Another chronic problem is an estimated million mines in the north. In the last decade there have been a thousand mine deaths up there, despite over $27 million (most of it foreign aid) spent on demining. The usual culprits, corruption and mismanagement, are at fault. Chad officials blame overpaid NGOs and foreign experts. But like most of Chad's woes, the problems are closer to home. The north is thinly populated and several rebel groups exist up there. So there's no rush to remove those mines. In the last few years, less than a hundred mines a year have been cleared.

In neighboring CAR (Central African Republic) the flow of refugees coming into Chad has slowed. Most of the violence is in southern CAR, where local self-defense groups are forming, to deal with the growing number of bandits, and the many rebel groups, which act like bandits with flags.
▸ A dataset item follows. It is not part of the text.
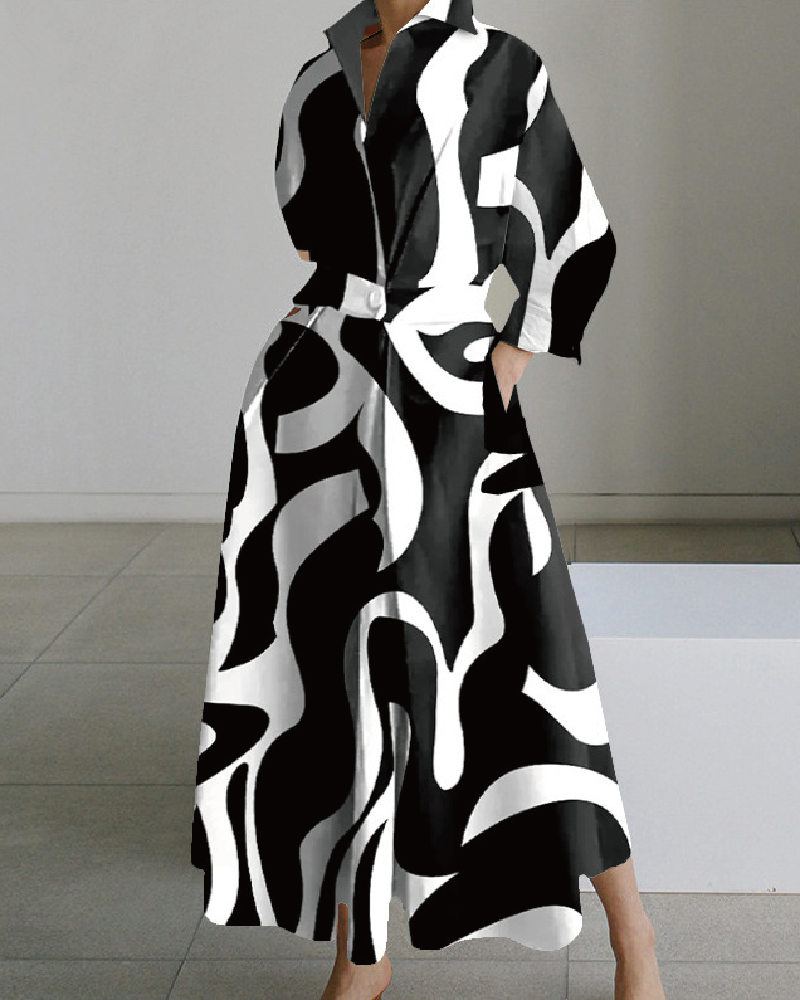 Billowy Classy Dress black-white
There are also troops from Uganda and South Sudan (as opposed to the Sudanese government) wandering around in southern CAR. The Ugandans continued to hunt Ugandan LRA rebels, while the South Sudan troops are hunting game. Uganda reports that at least ten of its troops were killed in an accidental clash with South Sudanese forces in the last month.

To no one's surprise, Chad, Sudan  and CAR made the top ten in a recent "Failed States" list.

June 6, 2010: In the east, a British aid worker was kidnapped. He was freed eight days later by soldiers who stopped the kidnappers and their hostage, near the Sudanese border. The kidnappers were driving the victims vehicle, as well as another one. Robbery is a growing problem for foreign aid workers, who have so much to steal. Many foreign aid groups are planning to leave Chad, because the 3,000 UN peacekeepers will be gone (at government request) by the end of the year.